- Work to complete:
Below are some records. Quote exactly the lines from the one that contains "9in1 Car Charger" through the last, both included, and leave out the pictures.

Short text fragments from websites
--------------------

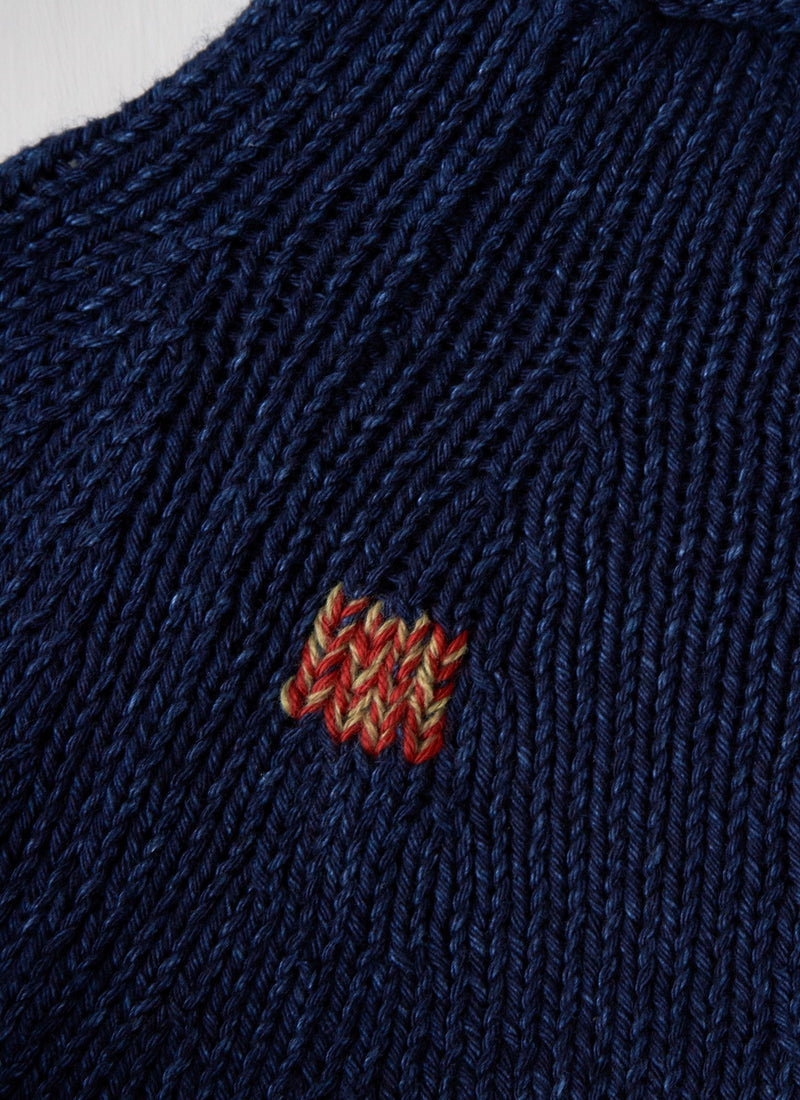 Renewed Indigo Cotton Sweater Size L (128) | Indigo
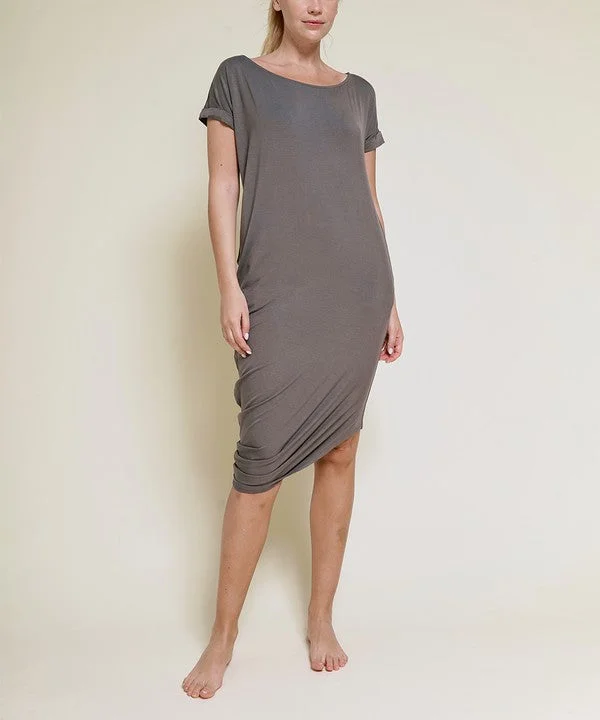 Bamboo Asymmetric Dolman Dress With Pockets Tunics Winter warm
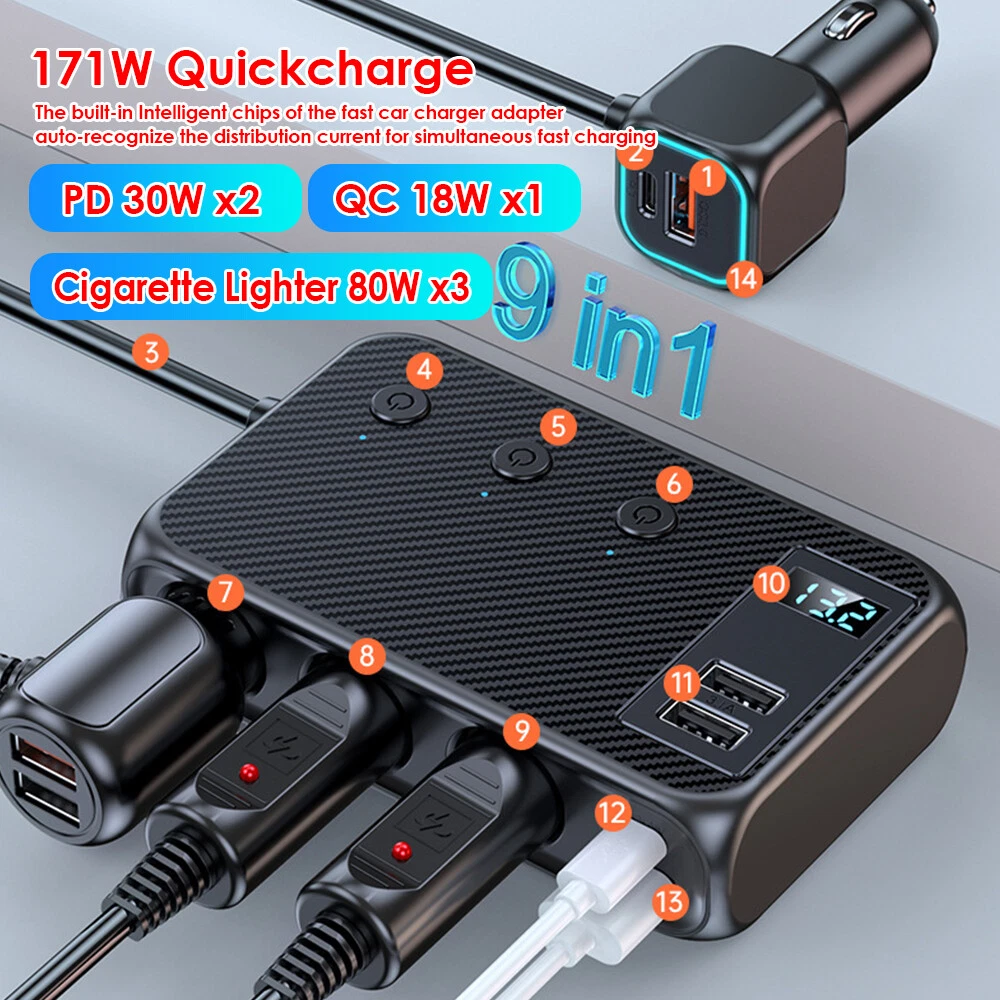 9in1 Car Charger Cigarette Lighter Splitter Adapter Fast USBC Socket QC PD 30W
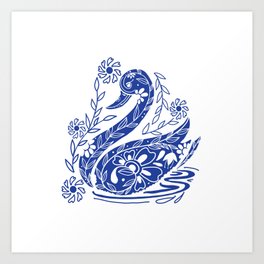 Majestic Swan Indigo Blue Art Print
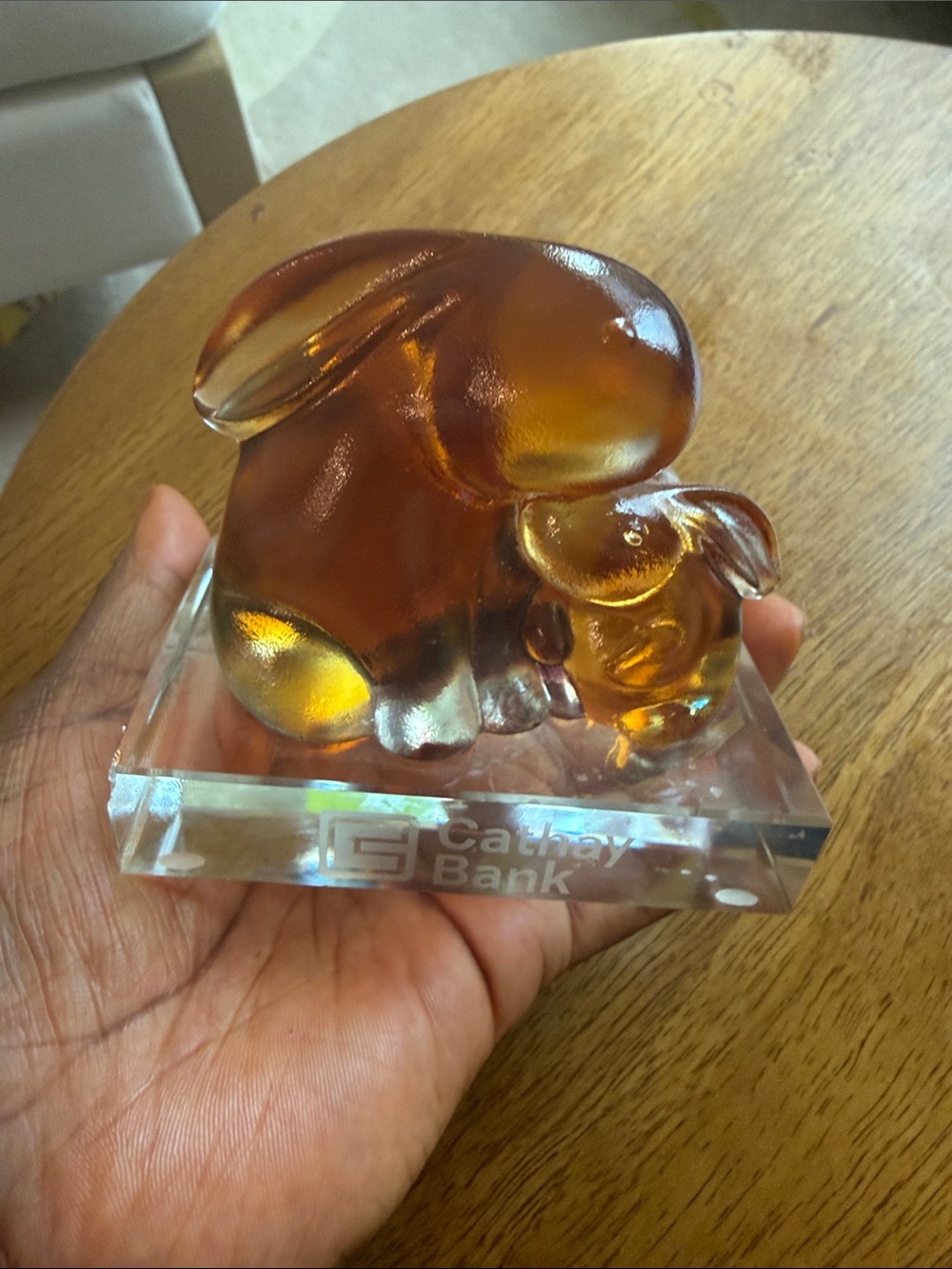 Cathay Bank Amber & Clear Glass Rabbit Figurine on Base Decorative Animal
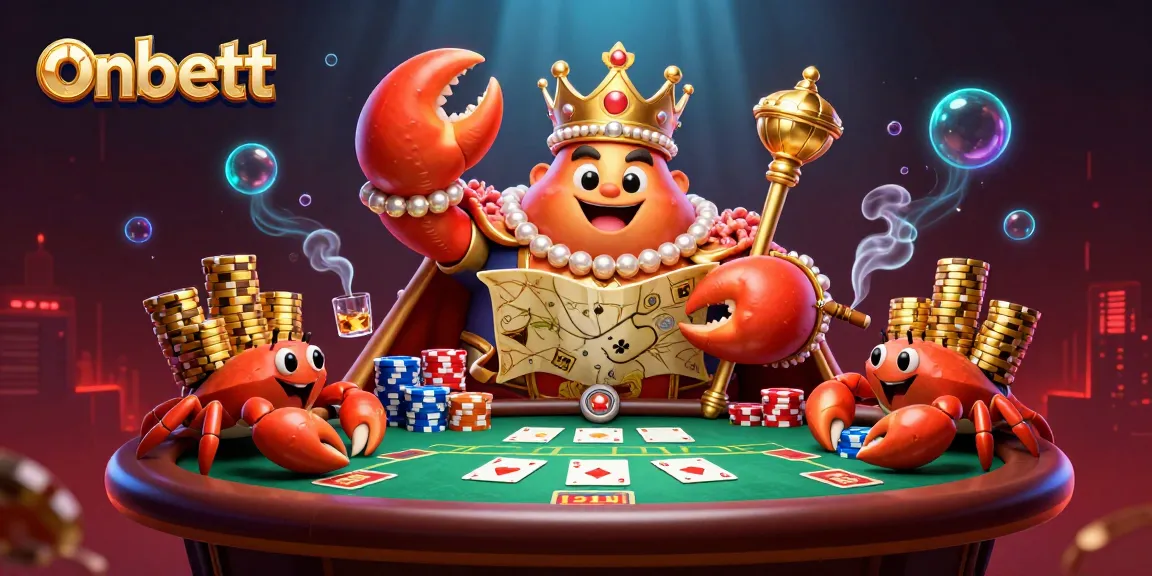 Engage with onbett's vibrant casino scene featuring a crab emperor amidst poker elements.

--------------------

- Expected answer:
 9in1 Car Charger Cigarette Lighter Splitter Adapter Fast USBC Socket QC PD 30W
 Majestic Swan Indigo Blue Art Print
 Cathay Bank Amber & Clear Glass Rabbit Figurine on Base Decorative Animal
 Engage with onbett's vibrant casino scene featuring a crab emperor amidst poker elements.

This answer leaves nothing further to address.